- WHAT THE TASK REQUIRES -
When writing out the entries below, keep only the lines from the line with "二氧化碳爆破管組裝機(jī)擰管機(jī)旋緊機(jī)" to the line with "Chanel Chance Eau", both included, exactly as they are, and leave the pictures aside.

- DATA PROVIDED -
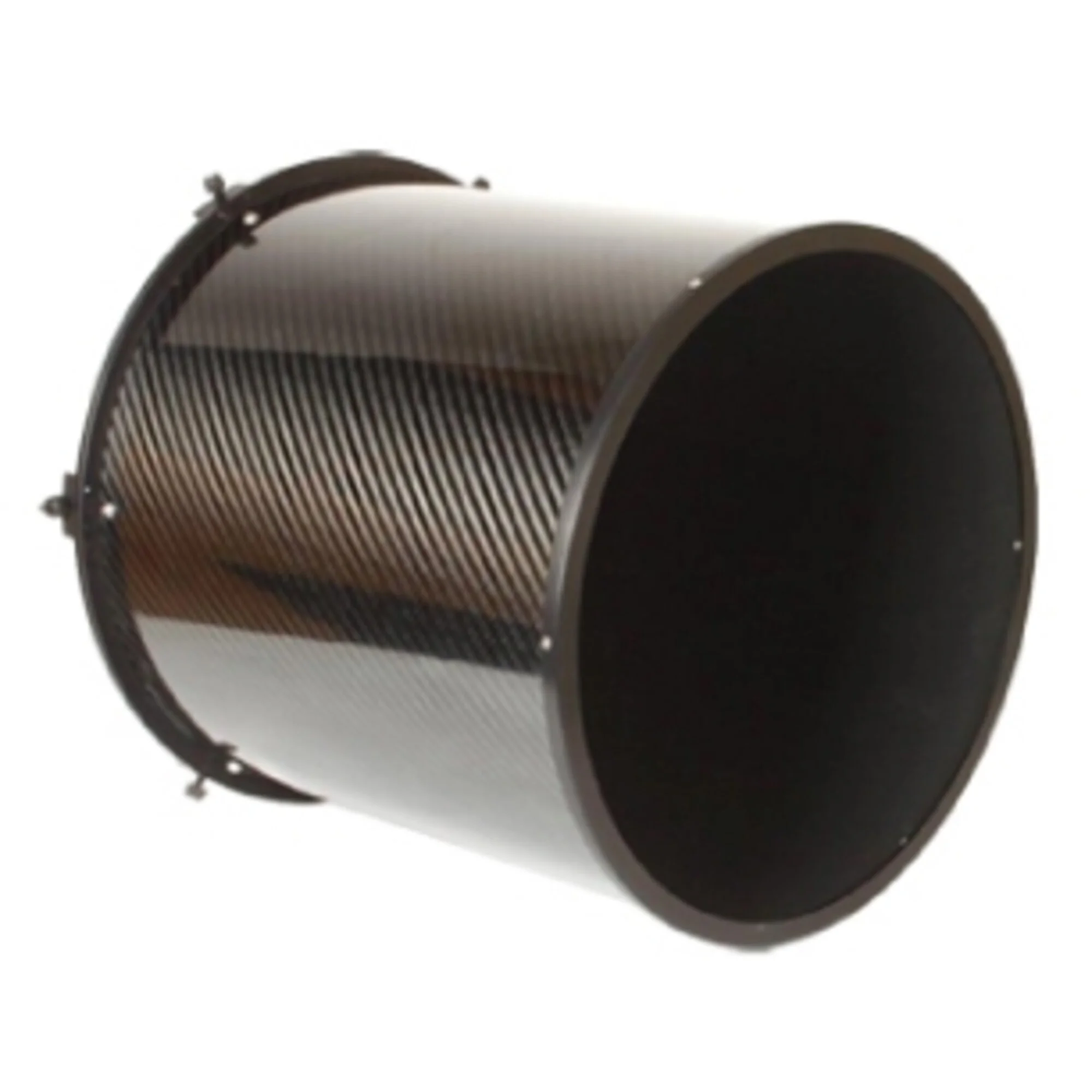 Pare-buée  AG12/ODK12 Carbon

* * *

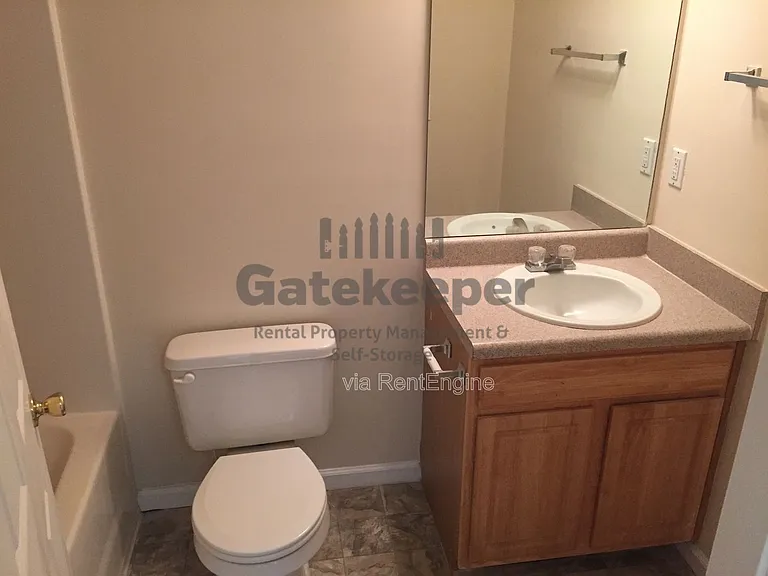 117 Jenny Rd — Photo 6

--

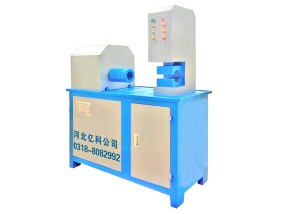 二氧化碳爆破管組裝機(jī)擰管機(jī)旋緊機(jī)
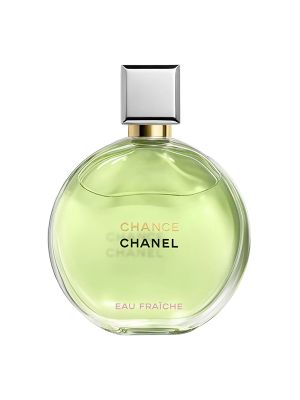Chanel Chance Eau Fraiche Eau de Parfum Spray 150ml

- ANSWER SECTION -
 二氧化碳爆破管組裝機(jī)擰管機(jī)旋緊機(jī)
Chanel Chance Eau Fraiche Eau de Parfum Spray 150ml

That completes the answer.